Movies
Disaster Film About Jet Crash at Sea Put on Hold
Arclight Films announced on Wednesday that Deep Water, a disaster film centered around a jet that crashes into the ocean while on its way to Beijing, has been put on hold due to its similarities to the missing Malaysian airliner.
“We’re delaying it out of respect for what’s going on,” said managing director Gary Hamilton. “It’s a pretty tragic event.”
Hamilton played down the similarities, saying that the “movie is not actually the same, it just deals with a plane crash.”

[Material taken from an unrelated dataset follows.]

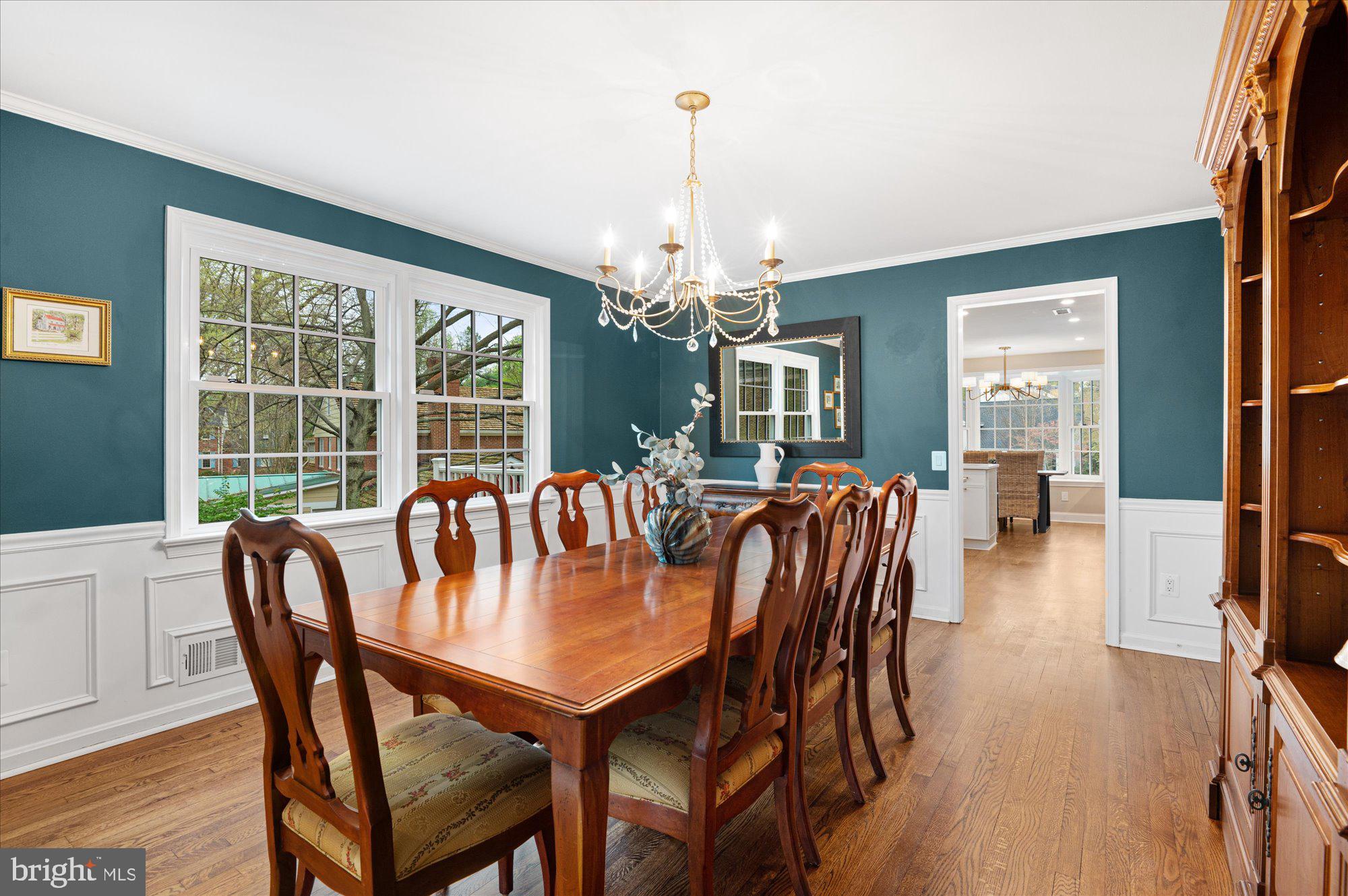 7500 Hackamore Drive Potomac, MD 20854 - Photo 7 of 20 Dining Room with Custom Trimwork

Deep Water is a film about a flight from Sydney to Beijing that crashes into the ocean, leaving an air marshal and a few surviving passengers and crew to fight off tiger sharks and other dangers.
The film is a loose follow up to the 2012 film Bait, a film about a shark terrorizing shoppers in an Australian supermarket flooded by a tsunami.
According to a report from Australian publication Inside Film, government film agency Screen Australia was funding Deep Water, which was to be co-produced with China with a budget of $25 million.
An international search effort has been scouring a remote section of the southern Indian Ocean for a Malaysia Airlines jet that disappeared March 8 on its way from Kuala Lumpur to Beijing. Malaysian officials have stated that the jet likely crashed into the sea, taking the lives of all 239 people on board.